AVAILABLE DATA >>
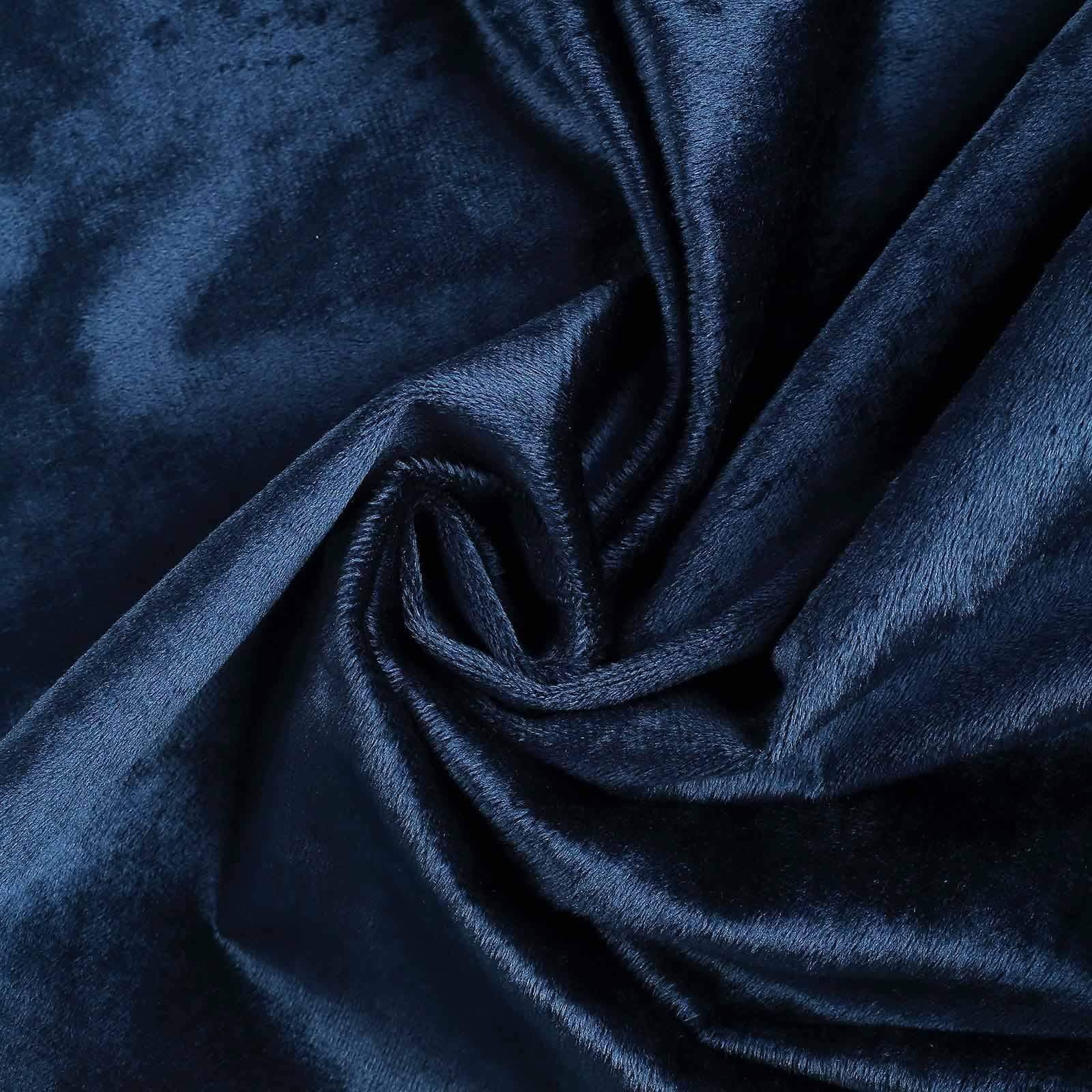 120 in Navy Blue Round Premium Velvet Tablecloth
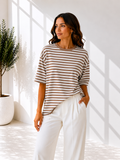 STREPEN T-SHIRT TAUPE/WIT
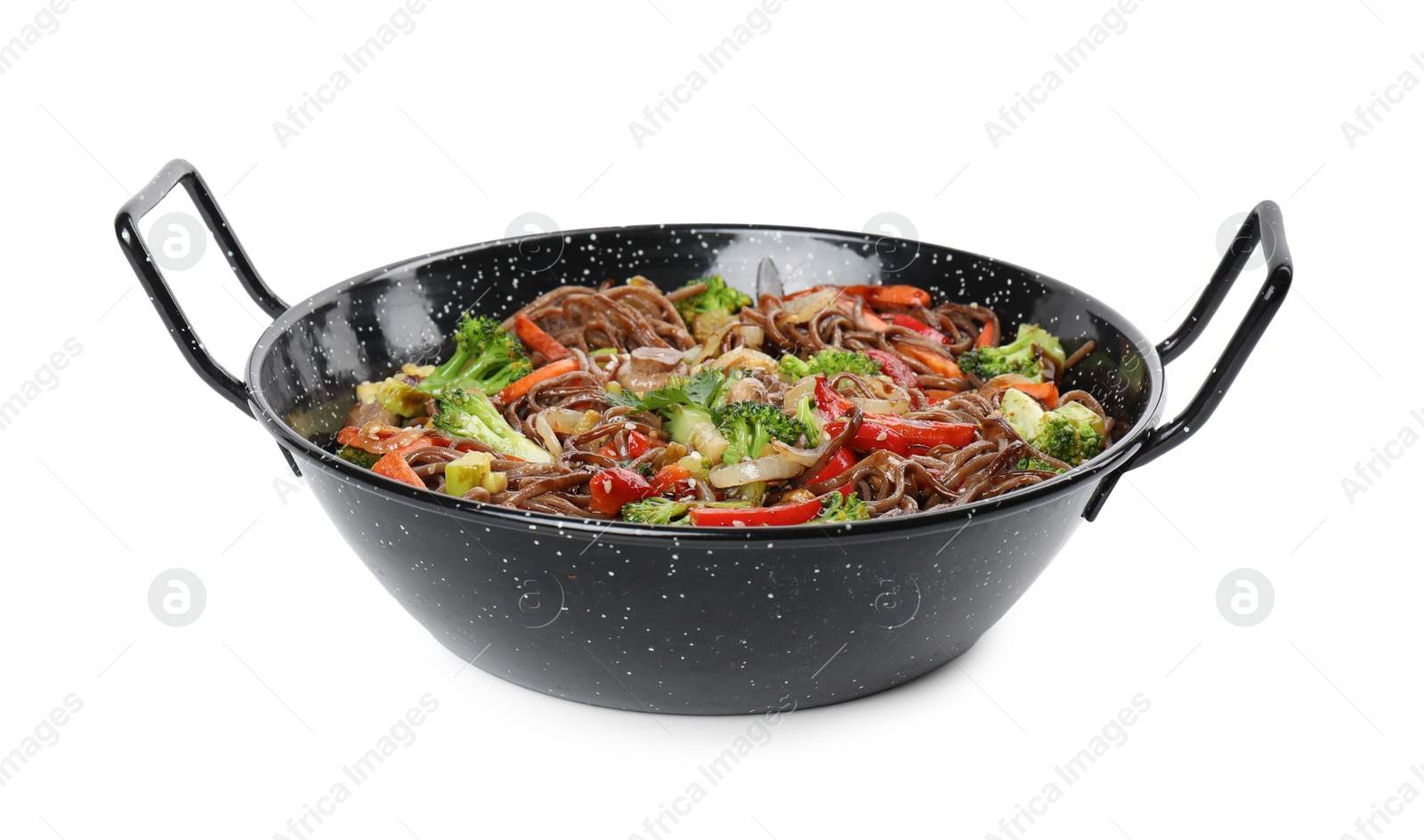 Photo of Stir-fry. Tasty noodles with meat and vegetables in wok isolated on white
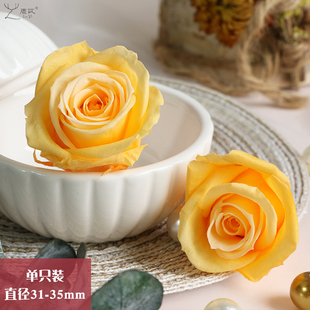 鹿苡Primavera进口永生花878双色小玫瑰单朵diy直径3 3.5厘米花材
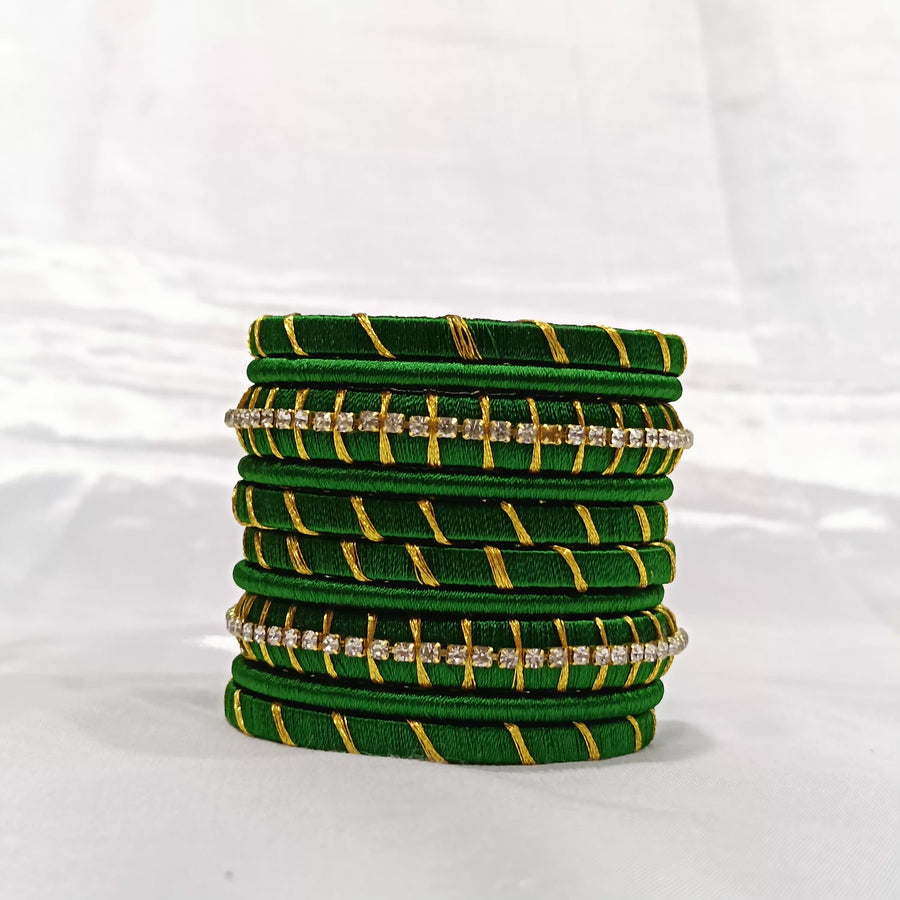 green silk thread bangles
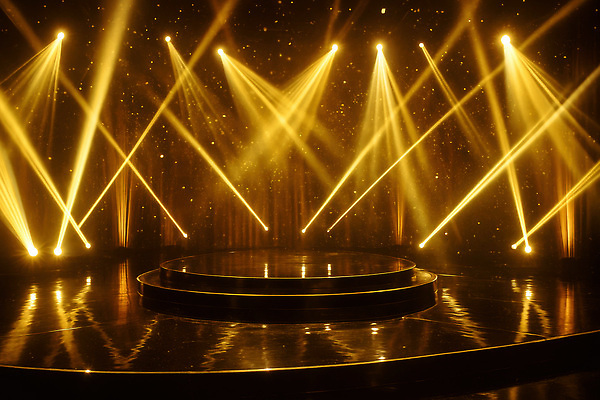 JPG 편집이미지 예술 음악 조명 그림자 전시 공연 공간 무대 화려 분위기 준비 스포트라이트 이미지편집 AI컴퓨터그래픽 AI콘텐츠 컨셉 문화예술 이벤트 파일형식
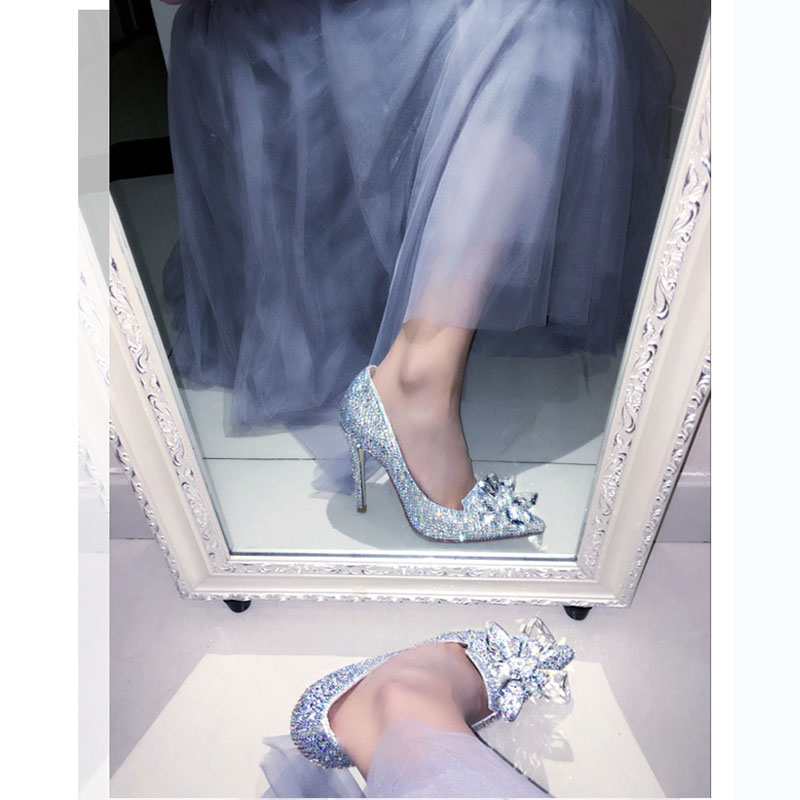 Cinderella Top Grade Crystal Shoes Bridal Rhinestone Wedding Shoes With Crystal Flower #8472431047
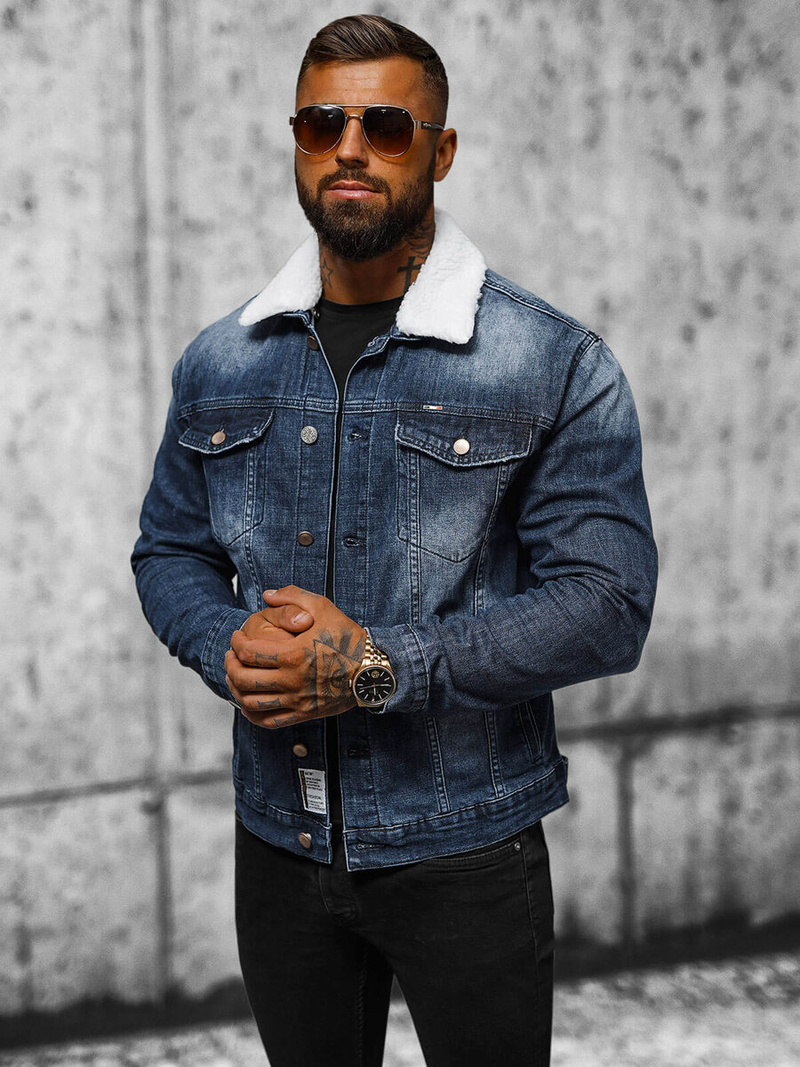 Kurtka męska jeansowa sherpa ciemno-niebieska OZONEE NB/MJ516BSZ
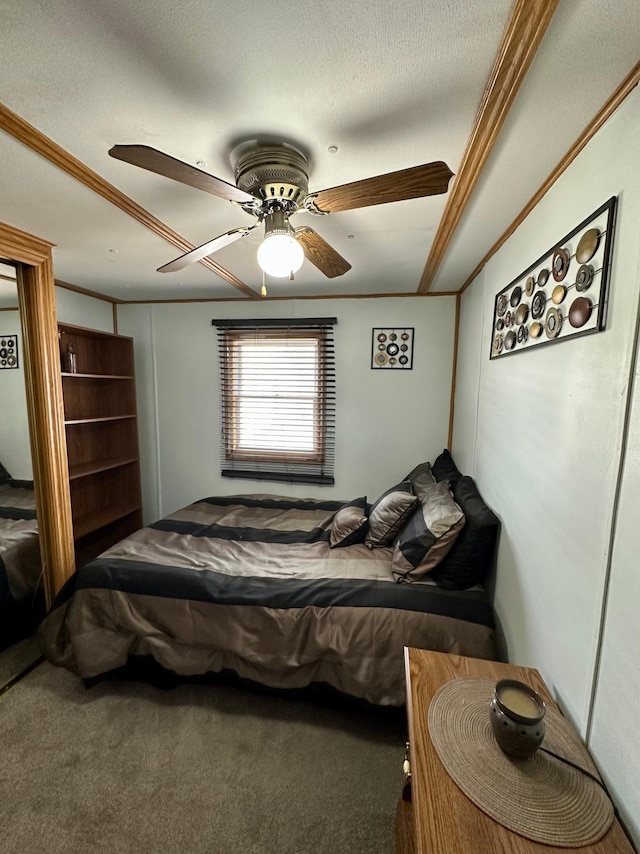 1404 Central Rd, Littlefork, MN 56653 - carpeted bedroom featuring a ceiling fan and ornamental molding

EXERCISE REQUIREMENTS >>
Leaving the pictures aside, write out only the lines from the one containing "鹿苡Primavera进口永" through the end of the material, exactly as they stand.

TASK RESPONSE >>
 鹿苡Primavera进口永生花878双色小玫瑰单朵diy直径3 3.5厘米花材
 green silk thread bangles
 JPG 편집이미지 예술 음악 조명 그림자 전시 공연 공간 무대 화려 분위기 준비 스포트라이트 이미지편집 AI컴퓨터그래픽 AI콘텐츠 컨셉 문화예술 이벤트 파일형식
 Cinderella Top Grade Crystal Shoes Bridal Rhinestone Wedding Shoes With Crystal Flower #8472431047
 Kurtka męska jeansowa sherpa ciemno-niebieska OZONEE NB/MJ516BSZ
 1404 Central Rd, Littlefork, MN 56653 - carpeted bedroom featuring a ceiling fan and ornamental molding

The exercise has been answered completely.